Uma palavra de coragem e verdade do patriarca é pedida pelas outras Igrejas cristãs: Bartolomeu de Constantinopla: “É impossível que as Igrejas não condenem a violência e a guerra. A Igreja Russa nos decepcionou. Não esperava que ela e o Patriarca Kirill constituíssem a trágica exceção"; o arcebispo de Canterbuty, Welby: o patriarca deve falar "em público a favor da paz e do cessar-fogo"; o Papa Francisco: "Irmão, não somos clérigos de Estado, não podemos utilizar a linguagem da política, mas aquela de Jesus. Somos pastores do mesmo santo povo de Deus. Por isso devemos buscar caminhos de paz, para silenciar as armas"; C. Krieger, presidente da KEK (conferências das Igrejas Protestantes): "Os líderes religiosos e políticos de todo o mundo, assim como os fiéis das várias Igrejas, estão esperando que você reconheça a agressão, faça um apelo à liderança política do seu país para pôr fim à guerra e retorne ao caminho do diálogo diplomático e da ordem internacional”; I. Sauca, Secretário Geral do Conselho Ecumênico de Igrejas: "Intervir e pedir publicamente um cessar-fogo".
A coragem evangélica também seria decisiva para ele.

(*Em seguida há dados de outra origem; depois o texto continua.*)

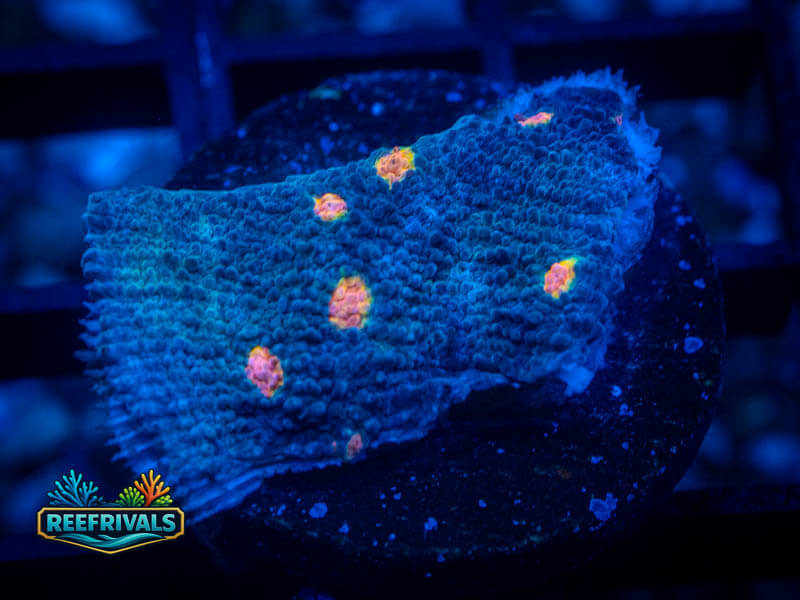 WA Miami Hurricane Chalice coral image from ReefRivals, listed as Echinophyllia sp. and Chalices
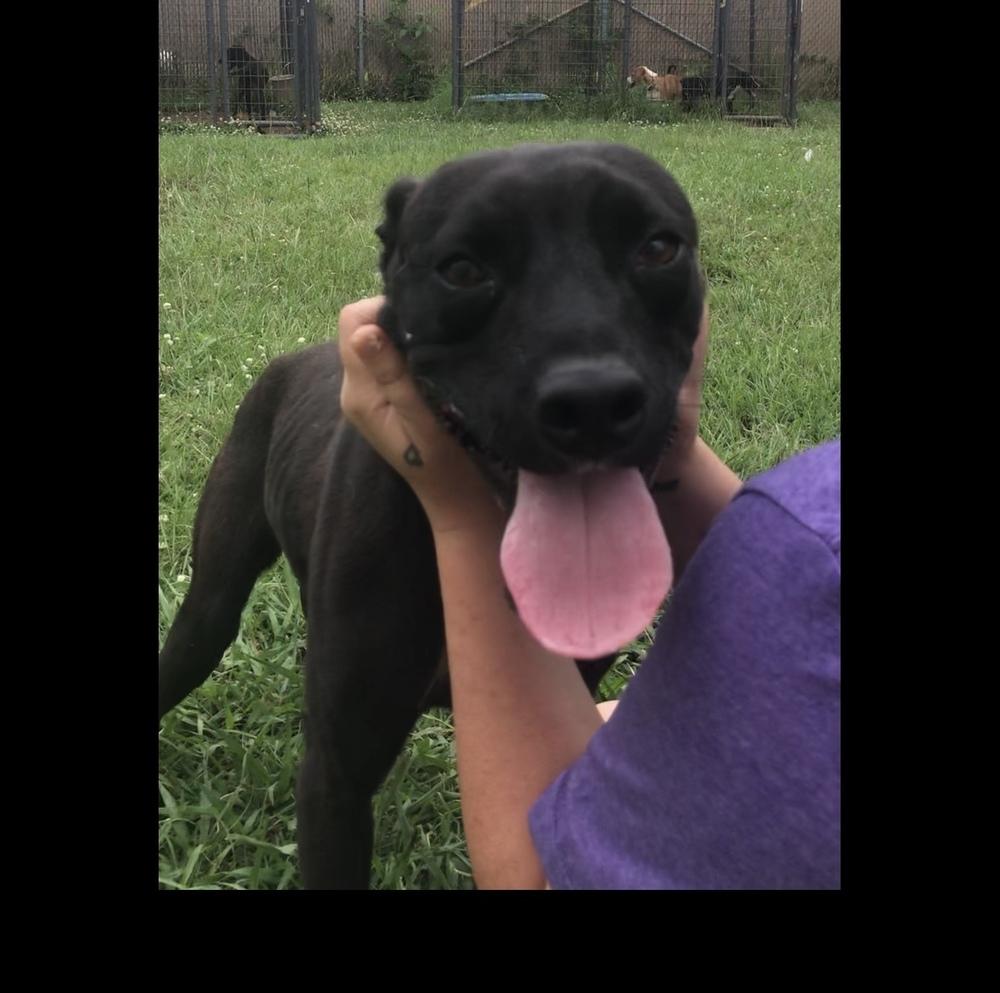 Enlarge Meadow, a Adoptable Mixed Breed in Crystal Springs, MS image 5/6
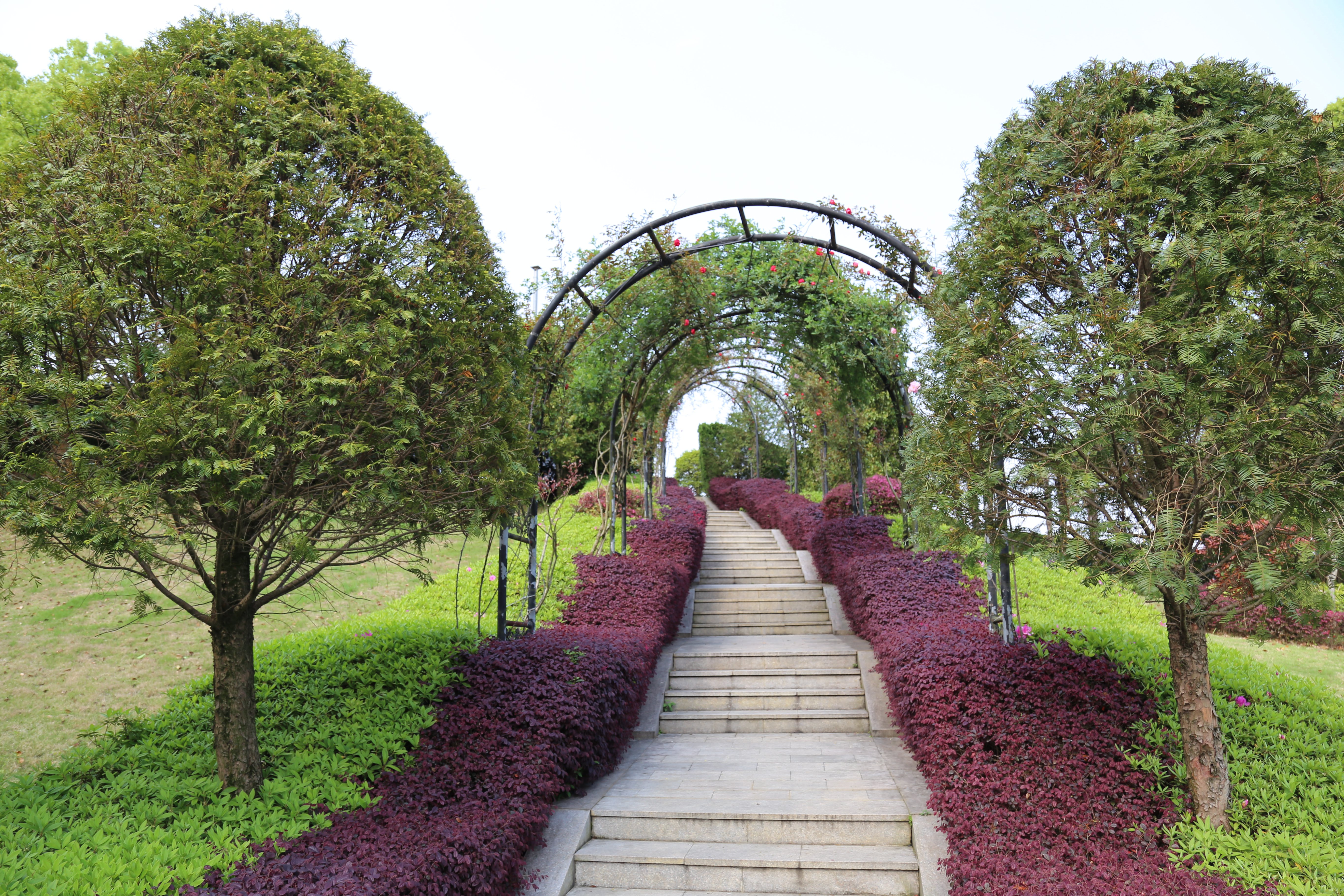 亿万先生MR·(中国集团)官方网站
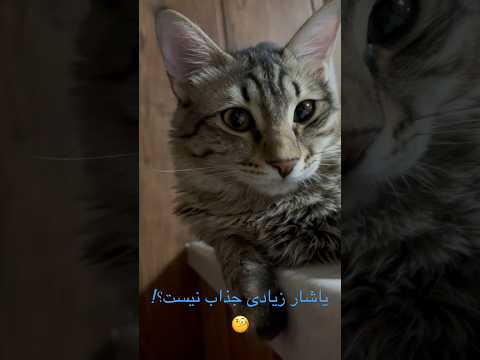 #yashar#catlover #cat الان یاشار هفت ماهشه🌸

Kirill escapou das sanções europeias impostas aos oligarcas mais próximos do Kremlin, graças à oposição, ainda que inteiramente instrumental, do presidente húngaro Victor Orban, mas não às correspondentes censuras do Reino Unido.
Segundo a ministra das Relações Exteriores, Liz Truss, Kirill "repetidamente abusou de sua posição para justificar a guerra". A falta de uma palavra sua de verdade será uma tragédia para o cristianismo europeu, mas também um triste declínio em sua jornada humana e de seu serviço eclesial.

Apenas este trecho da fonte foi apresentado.